• [Work task] In the records below, the lines between the one holding "түлектері грант иеленді" and the one holding "اخر لاعب إنجليزي", inclusive, are to be transcribed exactly; no pictures are to be included.

• [Record set]
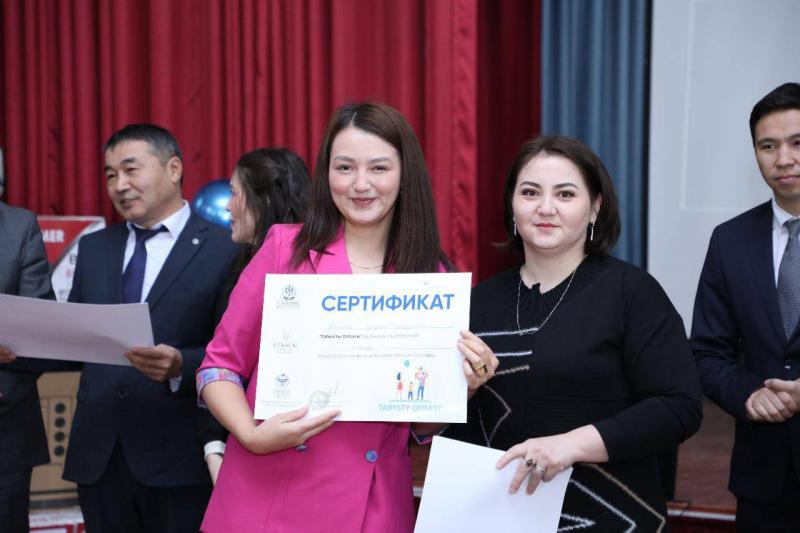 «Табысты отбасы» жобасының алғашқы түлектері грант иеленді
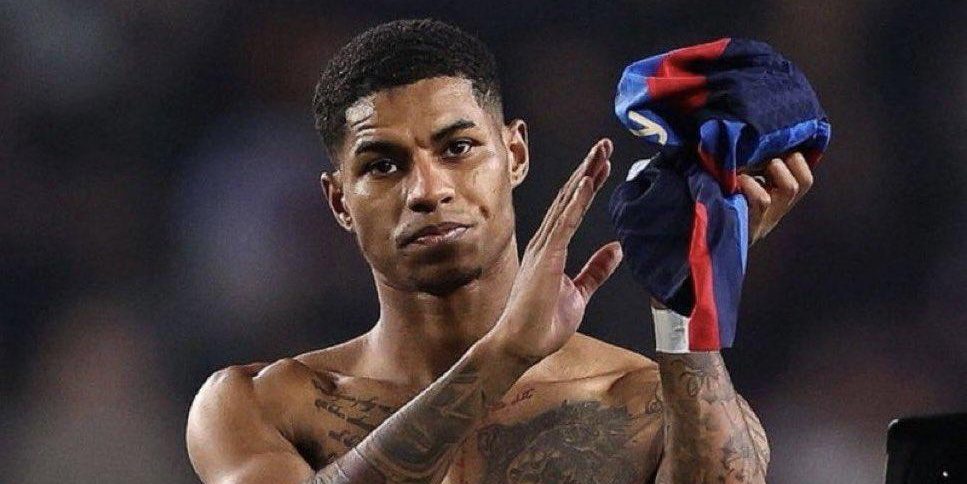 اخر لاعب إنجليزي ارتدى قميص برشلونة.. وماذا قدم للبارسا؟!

* * *

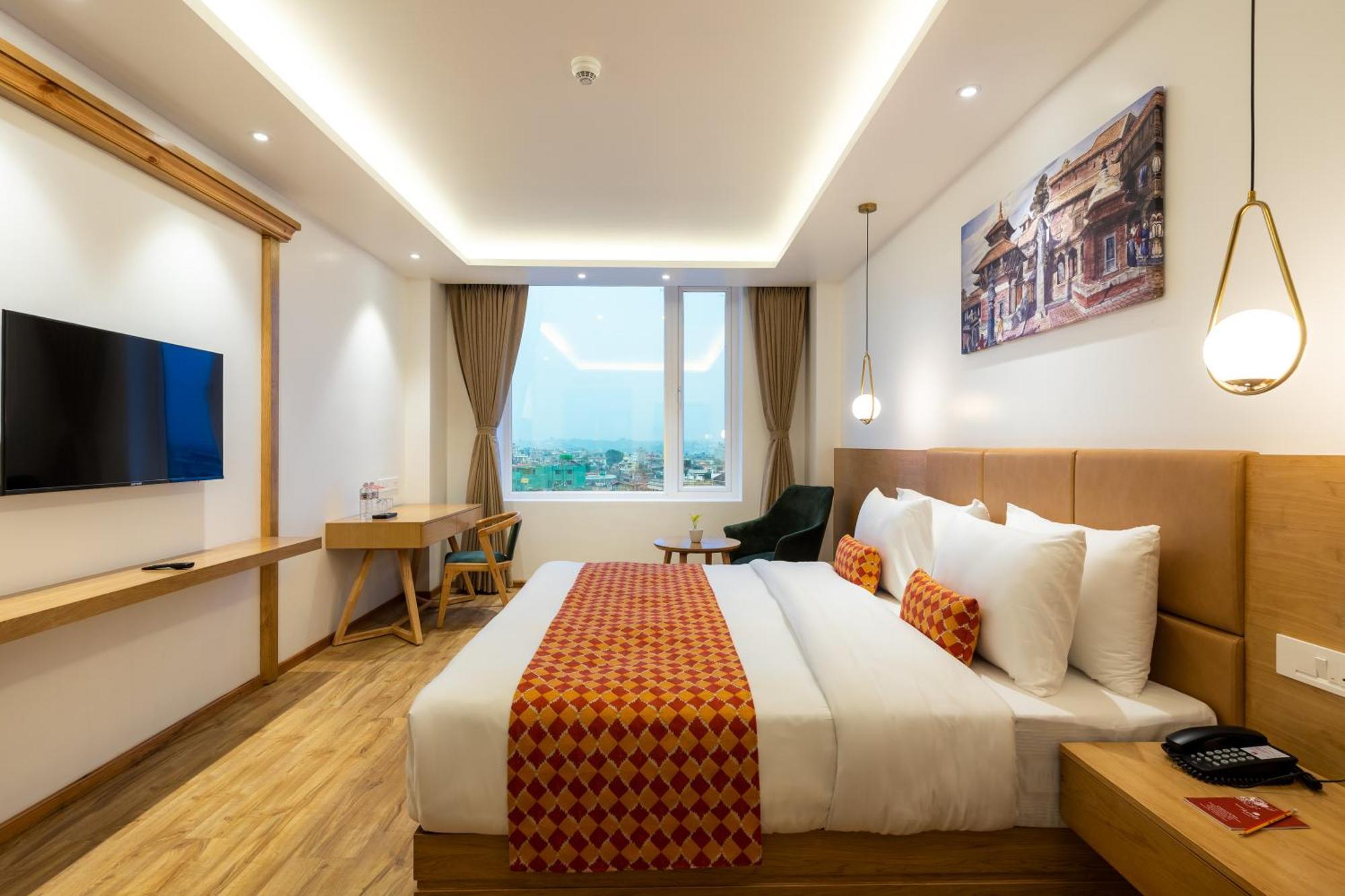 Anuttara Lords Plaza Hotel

--

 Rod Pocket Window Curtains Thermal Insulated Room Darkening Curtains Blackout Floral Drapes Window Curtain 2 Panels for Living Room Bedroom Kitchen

• [Task solution]
 «Табысты отбасы» жобасының алғашқы түлектері грант иеленді
 اخر لاعب إنجليزي ارتدى قميص برشلونة.. وماذا قدم للبارسا؟!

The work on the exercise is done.